It was a heated debate over transgender rights, but North Carolina lawmakers failed to repeal the ‘Bathroom Bill’ on Wednesday.
- Deal to repeal North Carolina's anti-LGBT law collapsed
- Republican state legislators quit trying to repeal the law called House Bill 2
- Law omits gay, lesbian, bisexual and transgender people from state anti-discrimination protections and orders transgender people to use bathrooms and showers that align with their sex at birth
- Mayor Rick Kriseman's editorial in The Charlotte Observer
The bill bans people from using public restrooms that don’t correspond to their biological sex as listed on their birth certificates.

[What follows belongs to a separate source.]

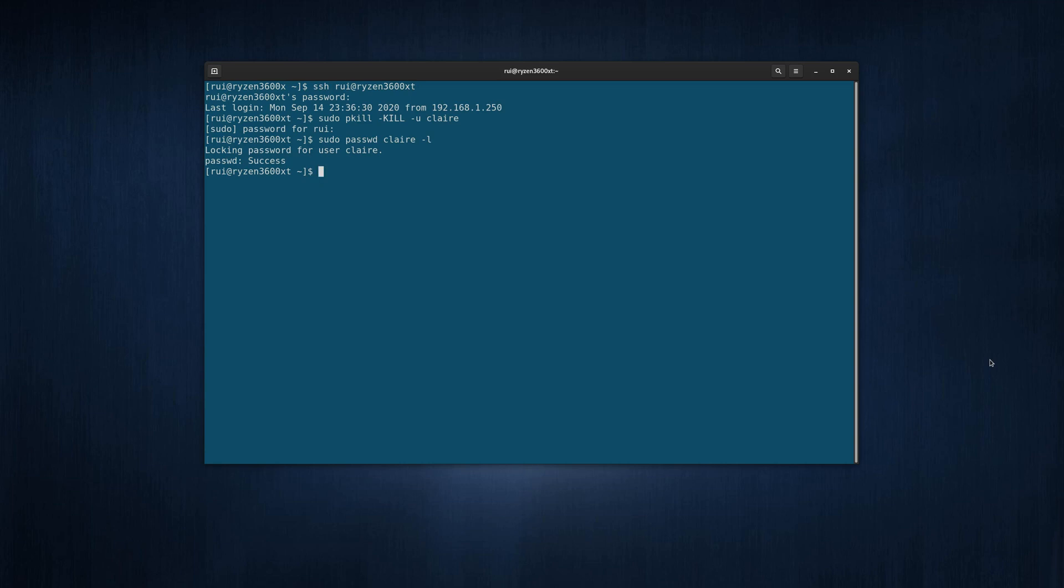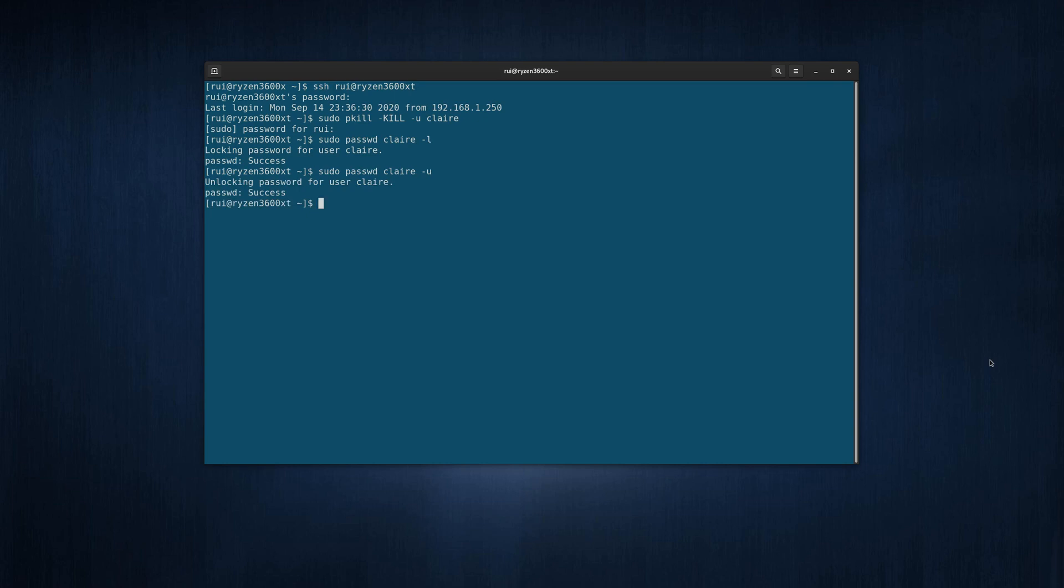Next step is to re-enable it. After a few hours you think, okay, she did some chores, did some homework, studied a little bit, played some piano. Now it's time to let her play with her computer again. sudo passwd claire unlock. That's success.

In an op-ed in The Charlotte Observer in April, St. Petersburg Mayor Rick Kriseman extended an offer to North Carolina residents to move to St. Pete. He said he wants them to know that St. Petersburg is welcoming, inclusive, and open for business.
Kriseman also wrote that he wants business to relocate to Florida, where “the sun shines on all.”
Lawmakers were expected to repeal it on Wednesday with Republicans feuding over whether to fully or partially repeal it, and Democrats accusing them of reneging on a pledge to get rid of it, lawmakers couldn’t come to an agreement.
For now, the bill will remain in place.